Depriving people of their liberty
But exactly what do the attendees agree upon? If you’ve been following the Tea Party, you know exactly what their primary beef is. Many believe America is headed for a collapse and it must change its big spending ways.
And perhaps nobody at the conference is more familiar with this subject than Yuri Maltsev, a professor of economics at Carthage College in what he calls the People’s Republic of Wisconsin. Maltsev was born and raised in the former Soviet Union, and he knows the dangers of an over-extended and debt-ridden empire all too well.

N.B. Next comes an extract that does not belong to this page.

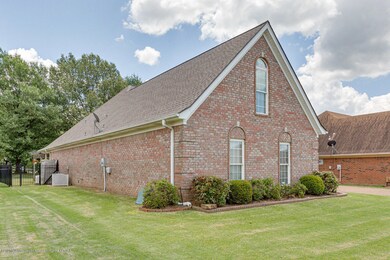 snapsold-screen-202850-7154-golden-oaks-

“The Soviet Union was definitely too big to fail. It had 11 time zones, one-sixth of the world’s surface. And it failed miserably. I think that what would be interesting to discuss is too big not to fail because bigness is not necessarily a good thing. Bigness in many cases leads to excessive centralization, depriving people of their liberty,” the lecturer says.
“We have a government that is spending like a drunken sailor,” Maltsev adds, a line often used by 2008 GOP presidential candidate John McCain on the campaign trail. “This is a slander against a drunken sailor because he spends his own money.”
Stephen Heiner expresses similar sentiments. “As we see government expand more and more these days — OK, we’re going to pay for everybody’s healthcare, we’re going to pay for all the bankers to holiday in Switzerland, and everyone has to pay for it — people are looking more to local things,” Heiner says.
Heiner says that you can see this in the buy-local movement, in which people buy from local farmers and support locally owned businesses.
Hanks is also concerned with the growing size of the federal government. “The only way for prosperity and freedom to flourish is in small states. The future belongs to small states,” Hanks says.
However, according to Heiner at least, there’s a noticeable difference between the Abbeville Conference attendees and the Tea Partiers, some of whom attended their own conference this past weekend. “I wouldn’t characterize the Tea Party movement as an intellectual movement. I think it’s an angry movement, and I think there are some intellectual underpinnings there,” Heiner says, adding that the we’re-mad-as-hell-and-we’re-not-going-to-take-anymore mindset is common among Tea Partiers. According to Heiner, the folks at the Abbeville Institute Conference aren’t interested in the “passing political action of the day.”
He adds, “We’re interested in enduring political ideas that take us back to John C. Calhoun.”